The Census not only fails to measure whether people actually practise ‘their religion’, the Office of National Statistics also knows full well that most people who say they are religious don’t base any of their life decisions on those beliefs. So what on earth are we measuring ‘religion’ for?
As the Census Campaign argues, the data produced by the religion question on the Census says nothing about religion’s importance in the lifes of UK citizens: at best it measures something closer to nominal cultural affiliation. This is why we think the various citations of the Census data to justify things like ‘faith’ schools and religious broadcasting are illegitimate, where the data is used as if it measures something much stronger than cultural affiliation.
A very recent report by the ONS provides further support for the Census Campaign position. The ONS cites a survey carried out by the Department for Local Schools and Government, which measures that all-important dimension of religious belief: how important one’s beliefs actually are to one. This was measured by asking participants how much religion affected four life decisions: what school they would send their children to, where they live, who their friends are and where they work.
There was an enormous disparity between the number who identified as being religious and those who thought that religion should influence these life decisions. Of the 82% of respondents who claimed that they were religious (the question, once again, encouraged a widely encompassing definition of being religious), less than 30% felt that religion should affect their choice of schools; 83% claimed that their religion has no bearing on where they live; 86% responded that religion did not affect their choice of friends and 90% thought that their religion doesn’t affect their choice of workplace.

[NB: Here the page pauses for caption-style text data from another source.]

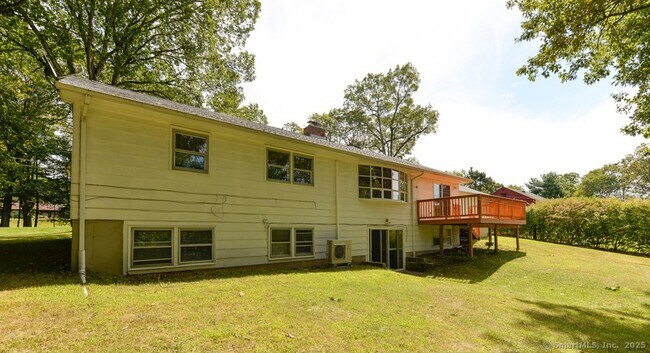 Building Photo - 62 Candlewood Lake Rd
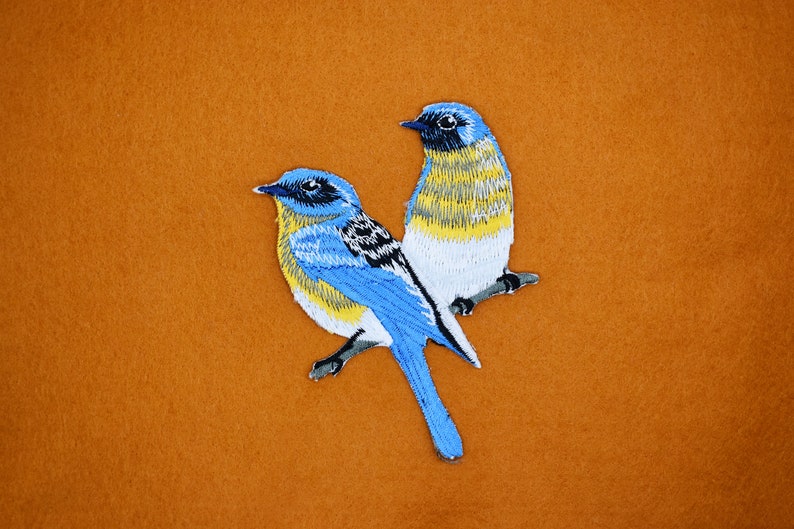 Iron-On Two Eastern BluebirdsPatch/Animal Badge/DIY Embroidery/Decorative Patch/Embroidered Applique/Applique Motif/Garden Birds Lover Gift image 3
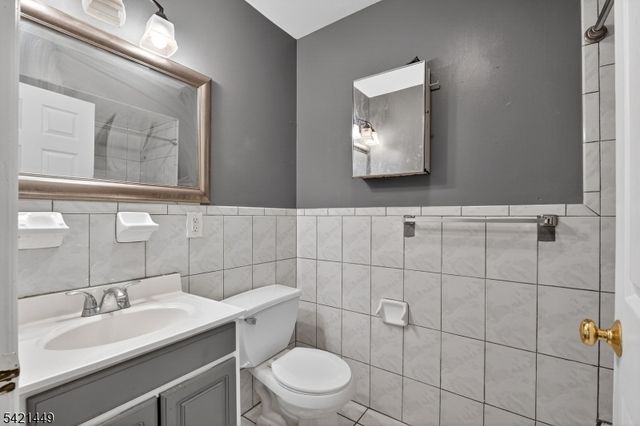 452 Marshall St, Elizabeth City, NJ 07206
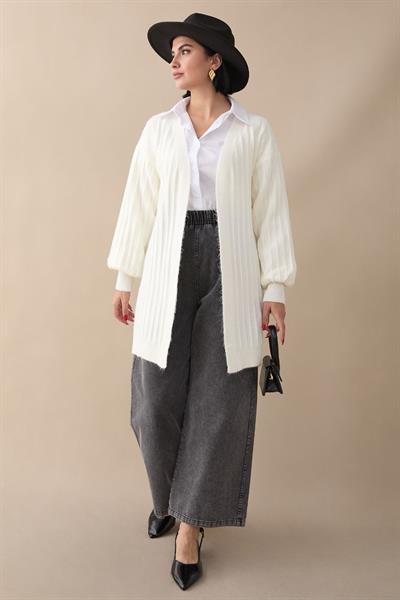 Peluş Fitilli Beyaz Triko Hırka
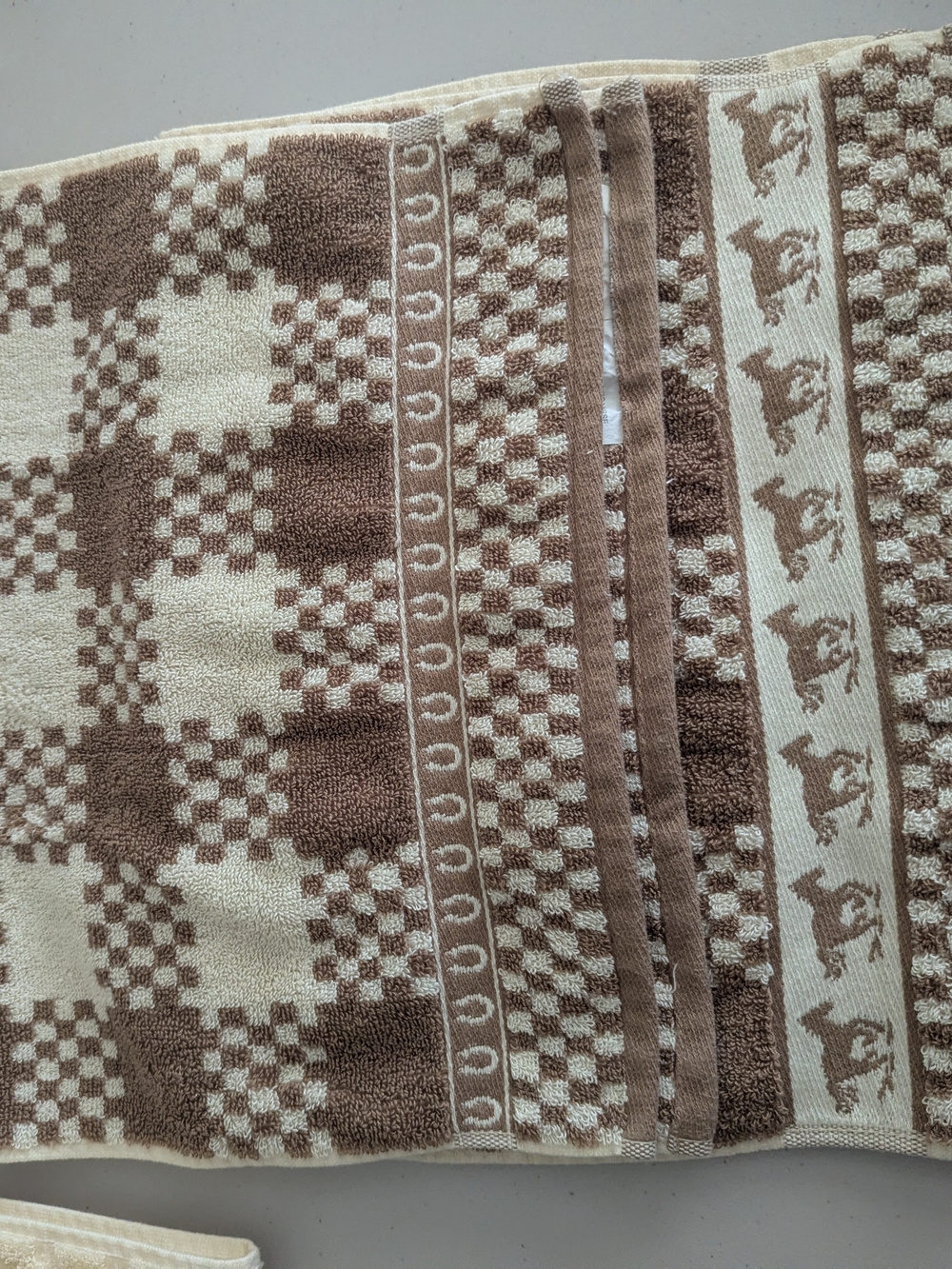 Cozy western-themed towel set in cream and brown with running horse/horseshoe - Picture 5 of 8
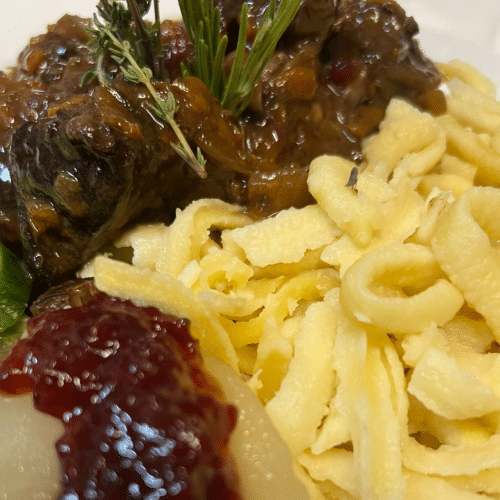 Hirschgulasch mit Haselnussspätzle, dazu Birne mit Preiselbeeren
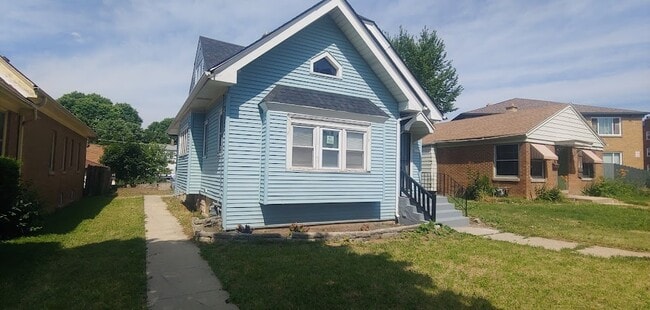 4457 N 29th St in Milwaukee, WI - Building Photo - Building Photo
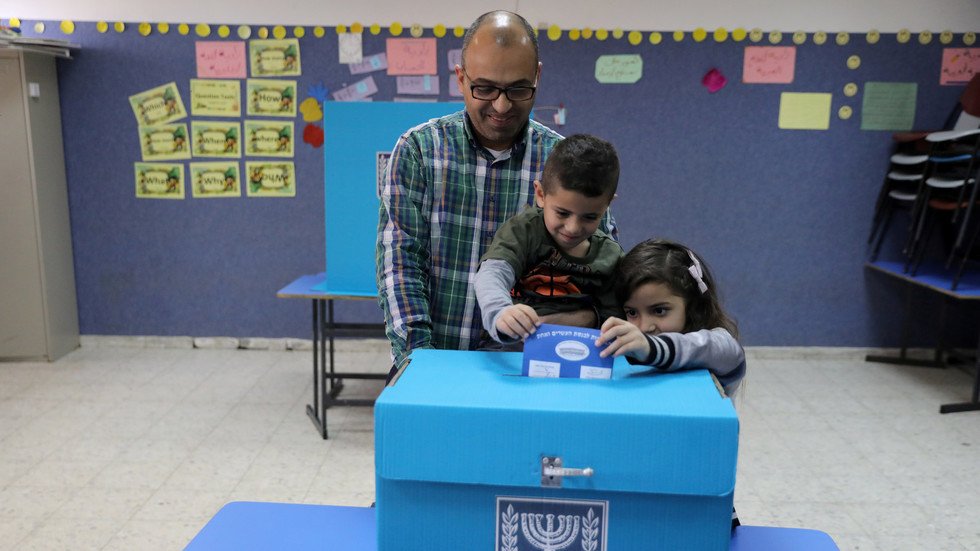 انتخابات إسرائيل.. الحزب العربي الأخير ينضم إلى قائمة مشتركة جديدة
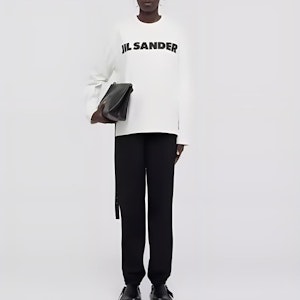 (W) JIL SANDER FW23 白色印字長袖圓領T恤。 J02GC0107J45047 Lookbook (W) JIL SANDER FW23 白色印字長袖圓領T恤。 J02GC0107J45047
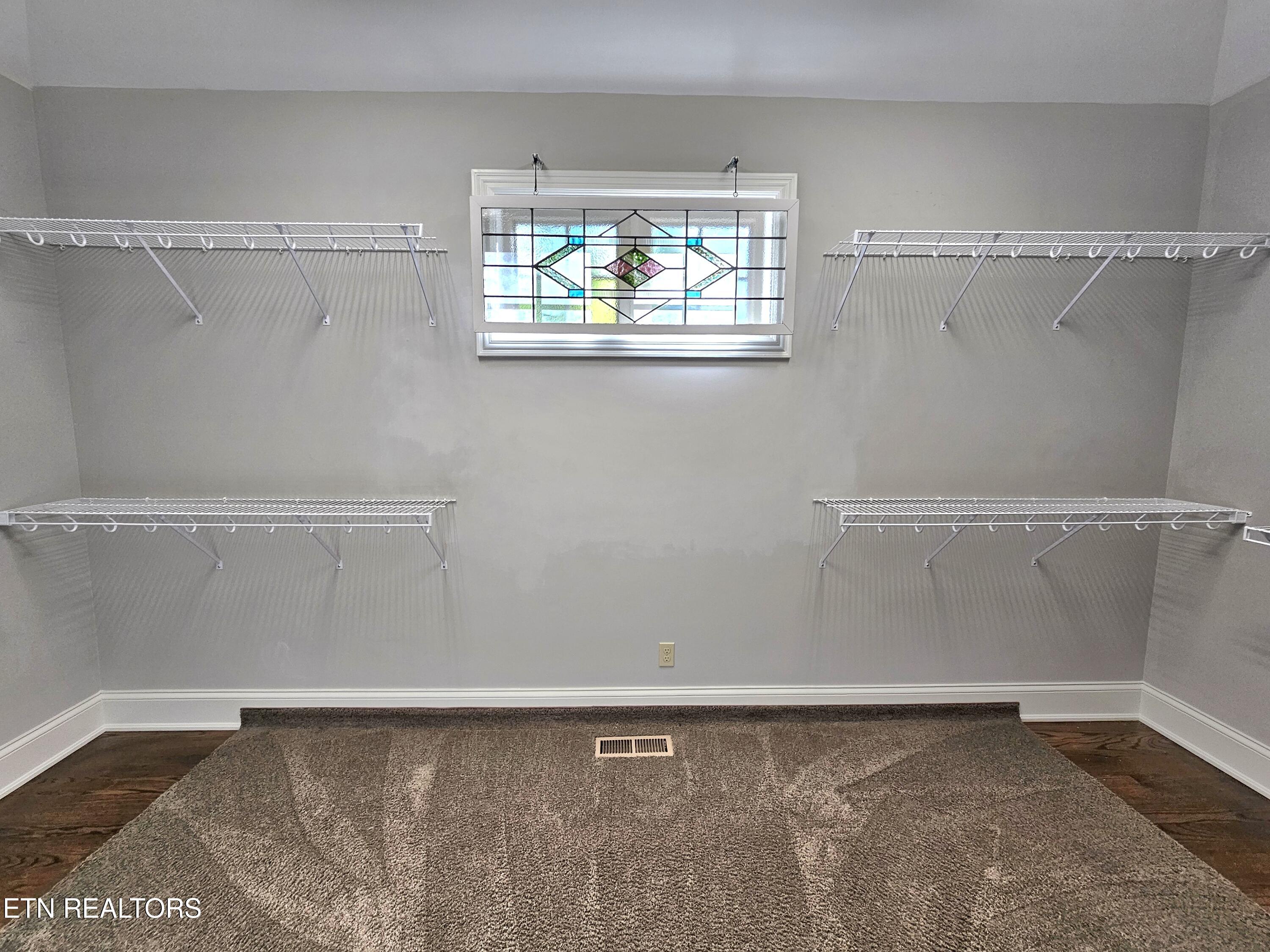 111 Winchester Circle Oak Ridge, TN 37830 - Photo 35 of 60 20251015_154453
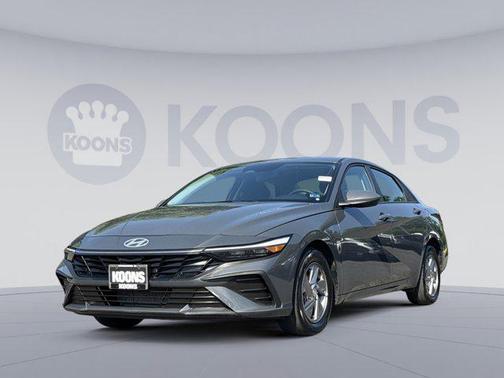 Ecotronic Gray 2025 Hyundai ELANTRA SE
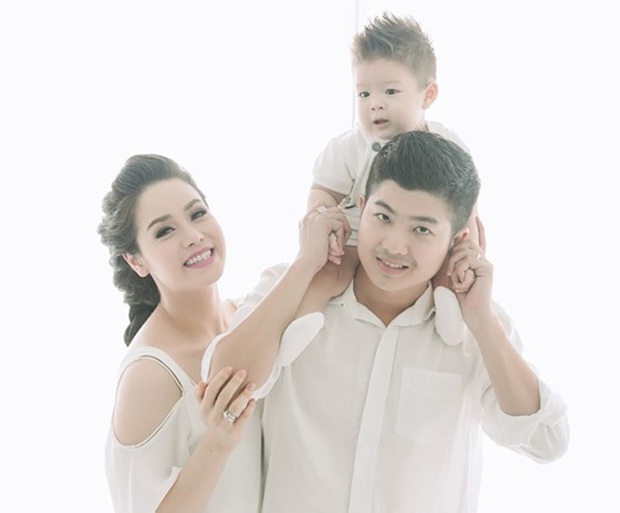 Nhật Kim Anh đăng ảnh chứng minh gia đình vẫn hạnh phúc giữa tin đồn ly hôn - Ảnh 4.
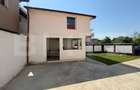Casa de vanzare cu 5 camere, 200 mp, zona Micro 3 - 14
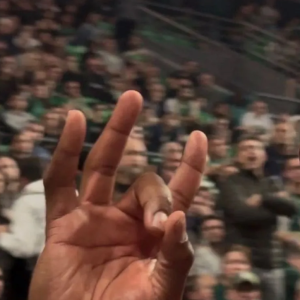 Αυτή είναι η χειρονομία του Ταϊρίκ Τζόουνς που έφερε την καταγγελία της ΚΑΕ Παναθηναϊκός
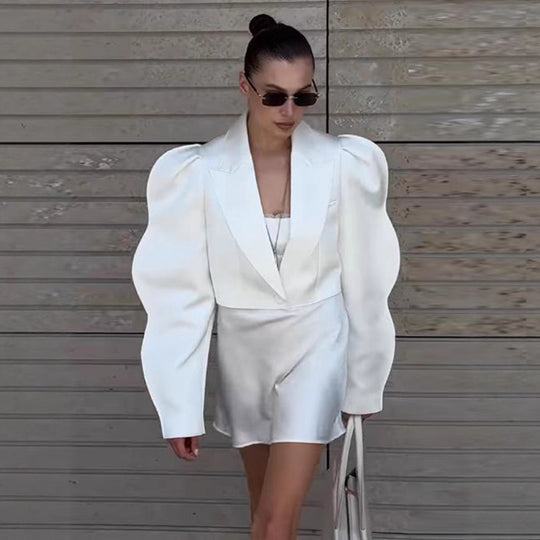 Damen Skulpturaler Cropped-Blazer mit dramatischen Ballonärmeln Nord Taschen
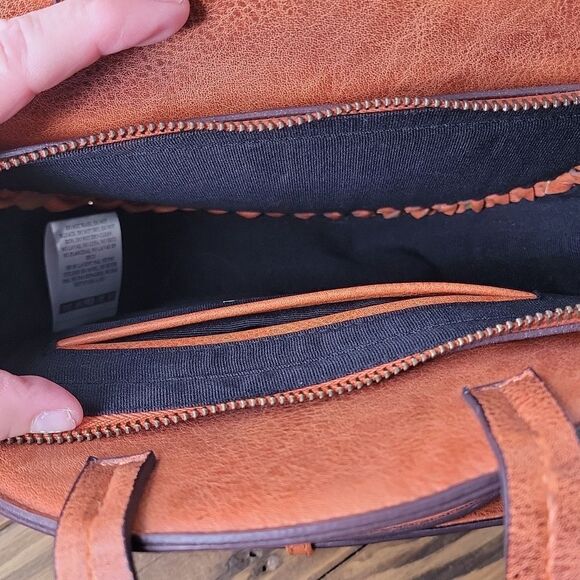 Street Level. Round Faux Leather Handbag. Like New - Picture 7 of 10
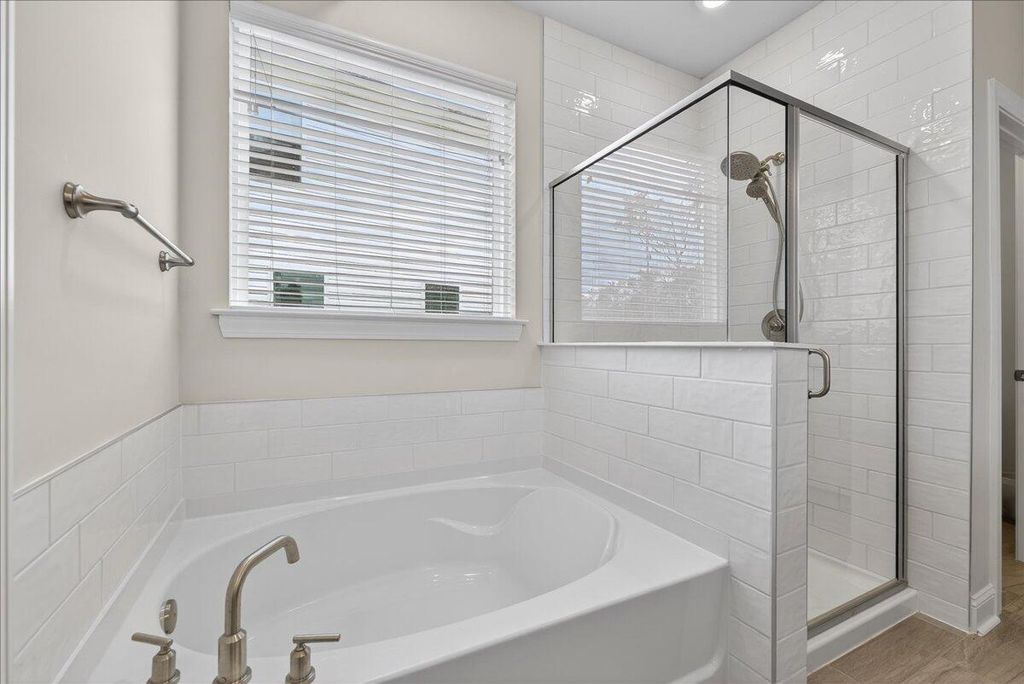 Image 18 of property listing at 210 Wappoo Trace Lane, Summerville, SC 29486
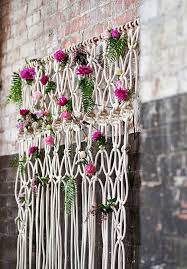 Macrame has been around for donkey's ages (ok really since the 70's) but when macrame and weddings meet, they make sweet sweet love and the result is a beautiful bohemian and ridiculously romantic love story that will have all your guests talking. 25 Bohemian Macrame Knotted Wedding Decor Ideas Huwelijk Macrame Patronen Decoratie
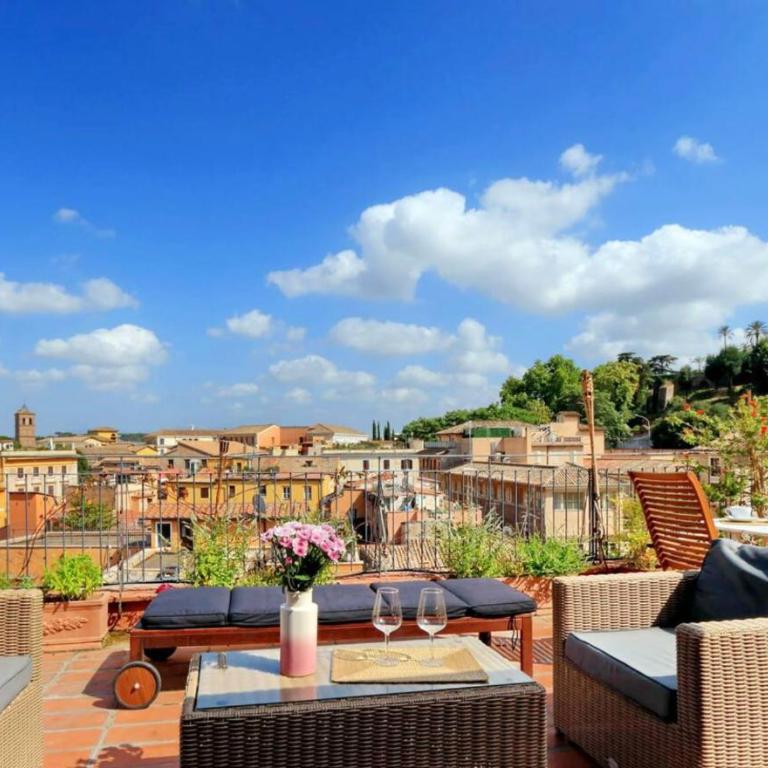 Trastevere Penthouse amazing terrace - Two-Bedroom Apartment - 16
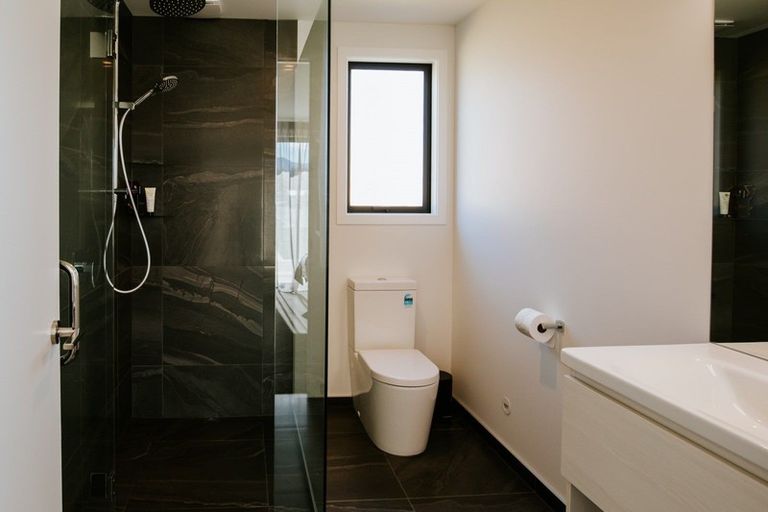 Photo of property in 19 Pounamu Avenue, Albert Town, Wanaka, 9305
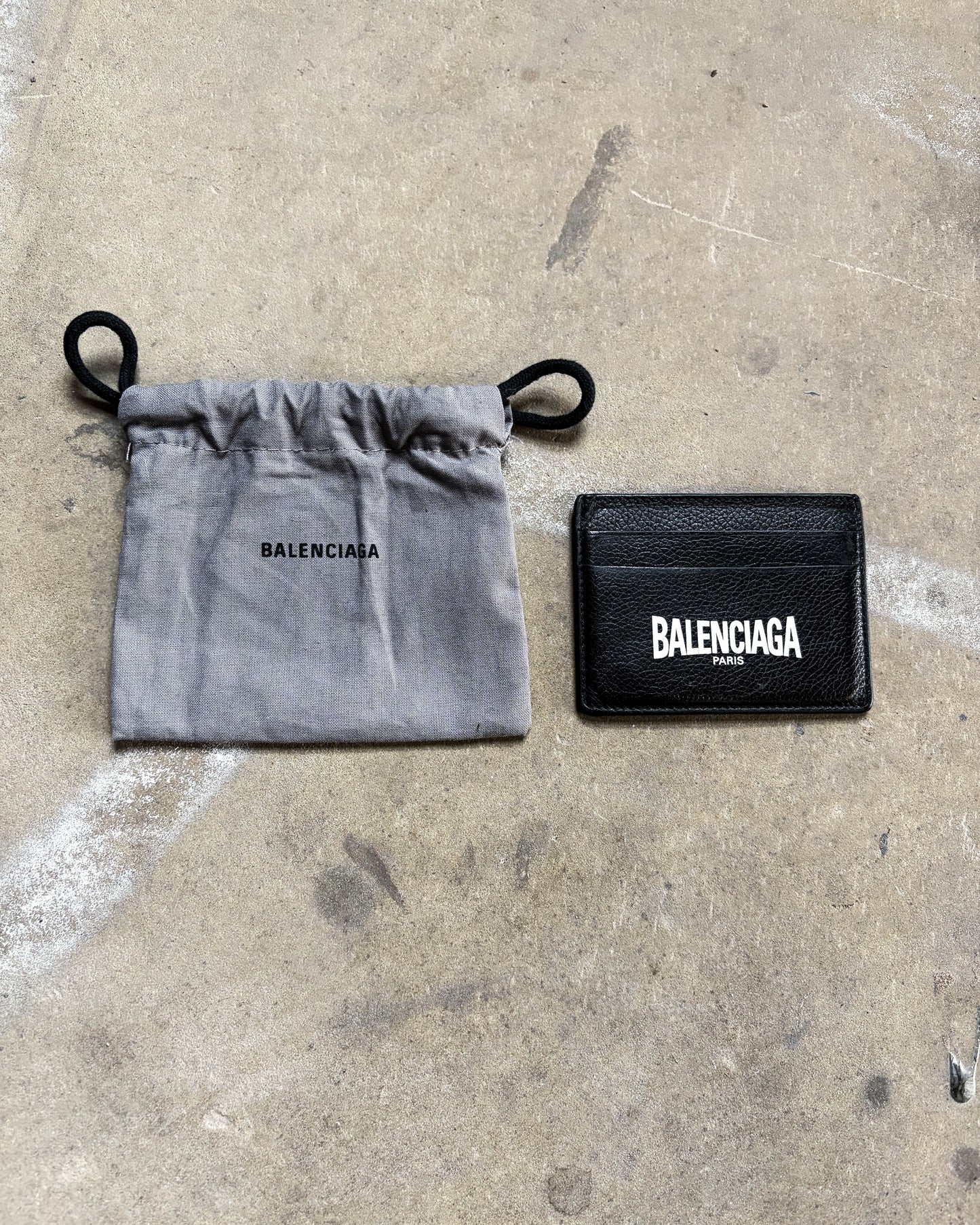 PARIS LEATHER CARD HOLDER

We can see from these results that although, when faced with a leading question, many people may respond that they are religious, their religious beliefs are in the great majority of cases entirely incidental to their views on education, work, friends and community. The implication is clear: data showing a broad affiliation to a religion cannot and should not be used to defend policy which would require more than this. So why collect such data? And if we must collect it, then why doesn’t the ONS use its own research to advise government that it can’t actually use the ‘religion’ data for any viable purpose?